One of the book’s main objectives is to articulate a new approach to literary and film criticism. Animal studies is a genuinely radical intervention into all branches of critical practice. Non-anthropocentrism has a decisive impact on the way we “do”— understand, teach, and research—literature, film, culture and politics. My focus is on examining some of the ideas behind this new way of approaching the so-called humanities: each chapter is an example of this new creaturely critical framework in action. Furthermore, I like a certain eclecticism to permeate my work, not only because of my background, but also because I am fond of scholarly eclecticism, of the likes of Sontag or, more recently, Jacqueline Rose, who write across politics, art, and culture—a certain tradition of letters that is close to my heart.
Q: You pay a lot of attention to the issue of power as underlying human-animal relations.

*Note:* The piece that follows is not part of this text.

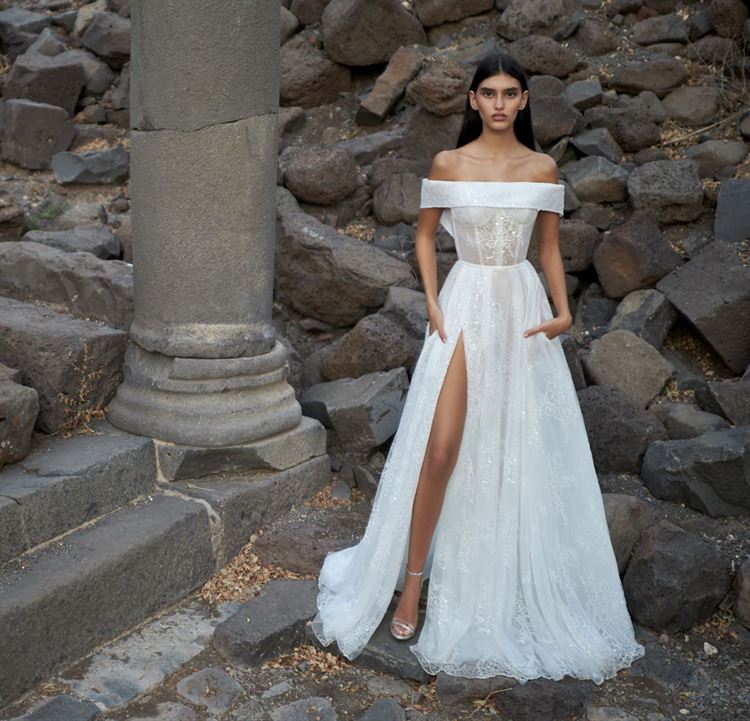 אחרי עידן הקורונה: ענבל דרור נולדת מחדש בקולקציה מרהיבה 9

Does this preoccupation with power in a sense replace an interest in the cognitive and subjective aspects of animals?
AP: As my discomfort with the concept of rights has already suggested, power is key to understanding our relationship with animals. Again, this is memorably articulated in Coetzee’s The Lives of Animals, when Elizabeth Costello says we do what we do to animals for no other reason than that we can. This understanding of action is found also in Weil for whom actions are regulated primarily by the presence (or lack thereof) of obstacles: we do things because we can. There is something very profoundly disturbing about this view of human action, but it resonated with me and I wanted to explore it further. In animal studies there is a legitimate interest in the minds of animals and their interiority. This is a progressive move to afford animals “a world of their own” denied to them by philosophers like Heidegger, for example. In the book, I approached the matter from the other direction: I wanted to explore the exteriority that defines both humans and animals, regardless of the worlds they might inhabit.
Animal subjectivity is fascinating, but ultimately, I do not think it has any serious bearings on their moral status. It is materiality before mentality, as it were, that determines animals as members of the moral community. Because if we follow the subjectivity route, we are likely to discover that animals fall short in comparison to us. My book stands as a corrective of sorts to the main strands within animal studies that focus on animal minds.

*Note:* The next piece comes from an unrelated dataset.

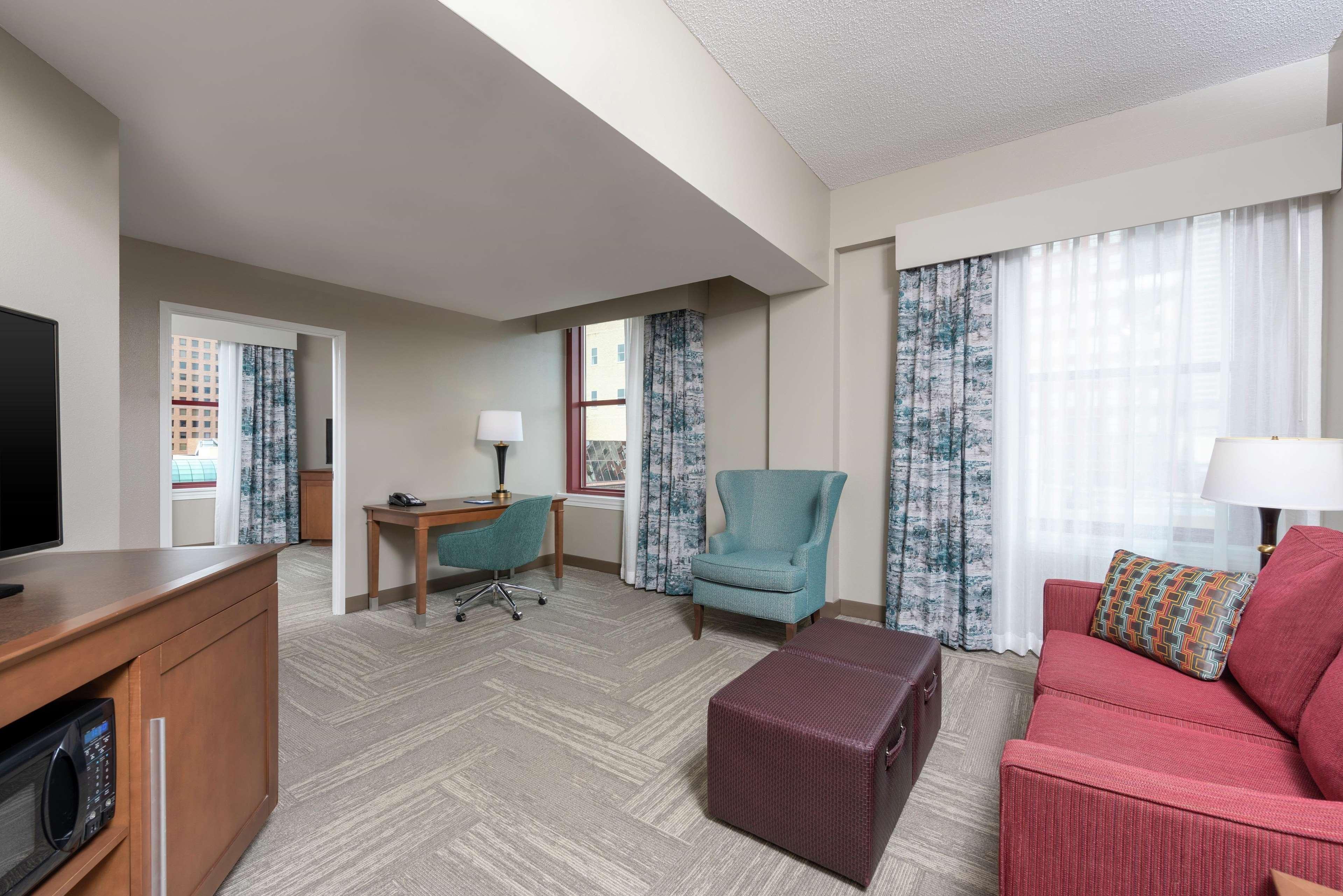 Hampton Inn Indianapolis Downtown Across From Circle Centre Exterior foto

Q: Does a creaturely poetics allow us to think more specifically about the actual treatment of animals? To put the question differently, is there a follow-up to Creaturely Poetics that moves in a more normative direction?
AP: I believe it is crucial to link a more “purist” theoretical analysis with a practical and political, indeed, a legislative approach to the question of animals. Creaturely Poetics is concerned with laying the theoretical foundations for the practical implications of living with and alongside animals. Addressing those practicalities is a separate project. But the main point is, as Weil insists, that good, useful policies and institutions depend on the right foundation. A policy carried out for the wrong reasons will be less effective, less workable, than the same policy issued from correct thinking. Our actions should emerge out of an adequate conception or formulation of the problem we face. The simplest example is veganism conceived as an ethical commitment rather than as motivated by health or environmental considerations. I don’t think the two are the same, and ethical veganism is by far the more radical, enduring, and practical way of effecting change. My hope is, therefore, that Creaturely Poetics will contribute to an adequate thinking through of the complexities of animal ethics and aesthetics.